What comes to the optimization. Its boids (the unity fish demo) like algorithm, so it divides targets in to chunks/areas and each system checks, if they see that area. My biggest bottleneck is related to not being able to multi thread “sorting an array to many cores”.

The other biggest bottle neck is clearing the native multi hash map. For sorting the array I’m doing a research on multi threading it with merge sort. These issues come more apparent with millions of entities, so its not in the priority list. More like fun to do list

1 Like


So I converted lists to native lists and used the JobHandle.CompletelAll(list) and got 2-3 ms boost on the editor. In some cases.

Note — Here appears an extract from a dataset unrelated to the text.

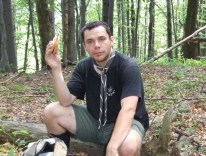 2006 - Bieszczady - Beskid Niski - smacznego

btw i recently posted a custom yield instruction in this forum that waits on a jobhandle. i believe i called it WaitForJobCompleted, as in:

yield return new WaitForJobCompleted(handle);
1 Like

For non critical background jobs or something similar its perfect. I have been thinking about something similar. Its quite good since you don’t have to wait for the job to complete.
Downside is that if you have entities that just die instantly. For example job takes 4 frames to complete, but entity dies before that. Also during this 4 frames it’s not a good idea to access the the contents of that job.

I haven’t tested in production, so its hard to say, if it actually works (why wouldn’t it).